What's the difference between pandas ACF and statsmodel ACF?


I'm calculating the Autocorrelation Function for a stock's returns. To do so I tested two functions, the autocorr function built into Pandas, and the acf function supplied by statsmodels.tsa. This is done in the following MWE:

import pandas as pd
from pandas_datareader import data
import matplotlib.pyplot as plt
import datetime
from dateutil.relativedelta import relativedelta
from statsmodels.tsa.stattools import acf, pacf

ticker = 'AAPL'
time_ago = datetime.datetime.today().date() - relativedelta(months = 6)

ticker_data = data.get_data_yahoo(ticker, time_ago)['Adj Close'].pct_change().dropna()
ticker_data_len = len(ticker_data)

ticker_data_acf_1 =  acf(ticker_data)[1:32]
ticker_data_acf_2 = [ticker_data.autocorr(i) for i in range(1,32)]

test_df = pd.DataFrame([ticker_data_acf_1, ticker_data_acf_2]).T
test_df.columns = ['Pandas Autocorr', 'Statsmodels Autocorr']
test_df.index += 1
test_df.plot(kind='bar')

What I noticed was the values they predicted weren't identical:

enter image description here

What accounts for this difference, and which values should be used?


Solution

  • The difference between the Pandas and Statsmodels version lie in the mean subtraction and normalization / variance division:

    • autocorr does nothing more than passing subseries of the original series to np.corrcoef. Inside this method, the sample mean and sample variance of these subseries are used to determine the correlation coefficient
    • acf, in contrary, uses the overall series sample mean and sample variance to determine the correlation coefficient.

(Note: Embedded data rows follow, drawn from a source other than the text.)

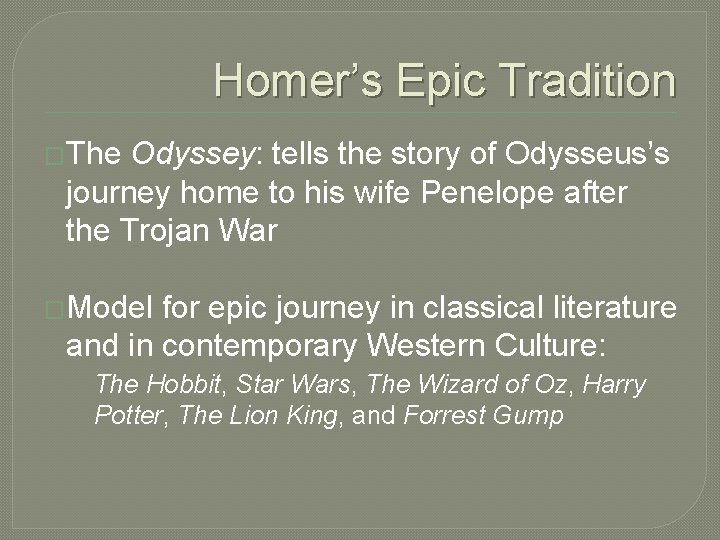 Homer’s Epic Tradition �The Odyssey: tells the story of Odysseus’s journey home to his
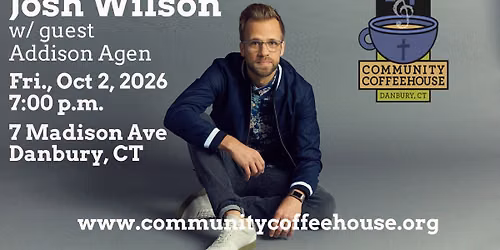 Josh Wilson w/ guest Addison Agen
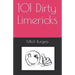 101 Dirty Limericks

    The differences may get smaller for longer time series but are quite big for short ones.

    Compared to Matlab, the Pandas autocorr function probably corresponds to doing Matlabs xcorr (cross-corr) with the (lagged) series itself, instead of Matlab's autocorr, which calculates the sample autocorrelation (guessing from the docs; I cannot validate this because I have no access to Matlab).

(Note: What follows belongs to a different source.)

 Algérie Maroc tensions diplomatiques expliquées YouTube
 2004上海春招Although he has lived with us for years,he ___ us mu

    See this MWE for clarification:

    import numpy as np
    import pandas as pd
    from statsmodels.tsa.stattools import acf
    import matplotlib.pyplot as plt
    plt.style.use("seaborn-colorblind")
    
    def autocorr_by_hand(x, lag):
        # Slice the relevant subseries based on the lag
        y1 = x[:(len(x)-lag)]
        y2 = x[lag:]
        # Subtract the subseries means
        sum_product = np.sum((y1-np.mean(y1))*(y2-np.mean(y2)))
        # Normalize with the subseries stds
        return sum_product / ((len(x) - lag) * np.std(y1) * np.std(y2))
    
    def acf_by_hand(x, lag):
        # Slice the relevant subseries based on the lag
        y1 = x[:(len(x)-lag)]
        y2 = x[lag:]
        # Subtract the mean of the whole series x to calculate Cov
        sum_product = np.sum((y1-np.mean(x))*(y2-np.mean(x)))
        # Normalize with var of whole series
        return sum_product / ((len(x) - lag) * np.var(x))
    
    x = np.linspace(0,100,101)
    
    results = {}
    nlags=10
    results["acf_by_hand"] = [acf_by_hand(x, lag) for lag in range(nlags)]
    results["autocorr_by_hand"] = [autocorr_by_hand(x, lag) for lag in range(nlags)]
    results["autocorr"] = [pd.Series(x).autocorr(lag) for lag in range(nlags)]
    results["acf"] = acf(x, unbiased=True, nlags=nlags-1)
    
    pd.DataFrame(results).plot(kind="bar", figsize=(10,5), grid=True)
    plt.xlabel("lag")
    plt.ylim([-1.2, 1.2])
    plt.ylabel("value")
    plt.show()
    

    enter image description here

    Statsmodels uses np.correlate to optimize this, but this is basically how it works.